- _What to produce_
A faithful repeat of all the records, with no image kept, is the required answer.
----- Material provided -----
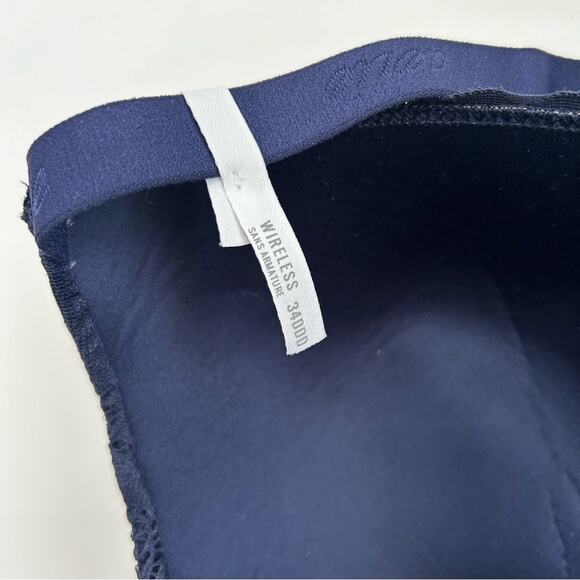 Aerie Real Happy Convertible Wireless Lightly Lined Bra in Navy Blue Floral NWOT - Picture 3 of 5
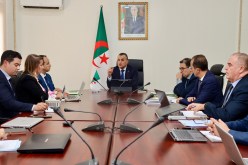 زروقي يؤكد أن عصرنة بريد الجزائر أولوية لتحسين الخدمة العمومية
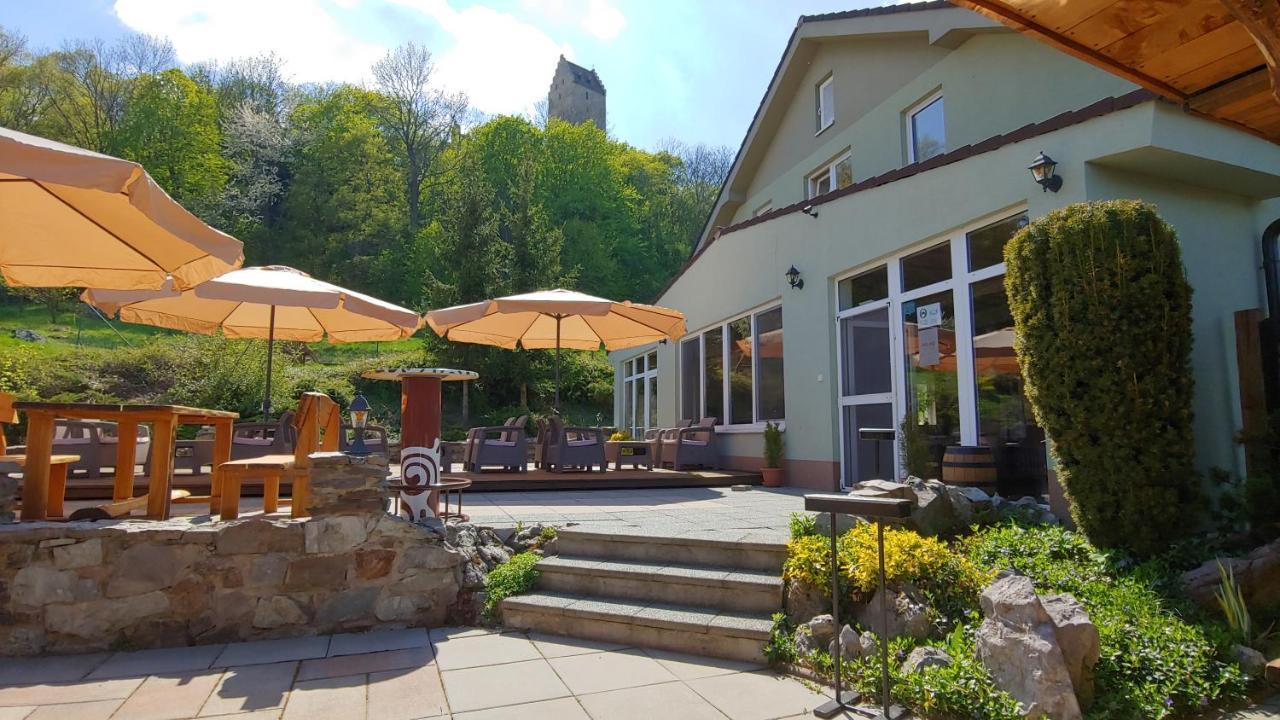 Pod Hradom Restaurant & Pension Topoľčany Exteriér fotografie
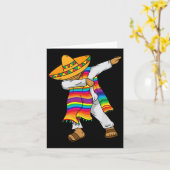 Carte Cinco De Mayo Dabbing Mexicaine Poncho Enfants (Fleur jaune)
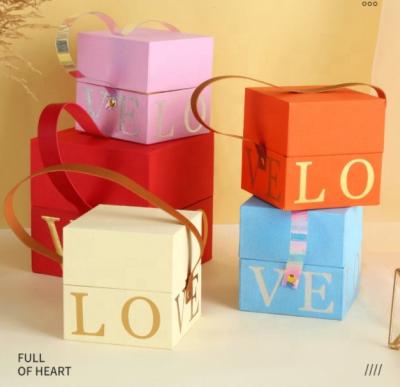 China Beautiful Portable Colorful Wedding Mate Gift Box Bridesmaid Gift Box LOVE Candy Box for sale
-----
- _Finished task_
 Aerie Real Happy Convertible Wireless Lightly Lined Bra in Navy Blue Floral NWOT - Picture 3 of 5
 زروقي يؤكد أن عصرنة بريد الجزائر أولوية لتحسين الخدمة العمومية
 Pod Hradom Restaurant & Pension Topoľčany Exteriér fotografie
 Carte Cinco De Mayo Dabbing Mexicaine Poncho Enfants (Fleur jaune)
 China Beautiful Portable Colorful Wedding Mate Gift Box Bridesmaid Gift Box LOVE Candy Box for sale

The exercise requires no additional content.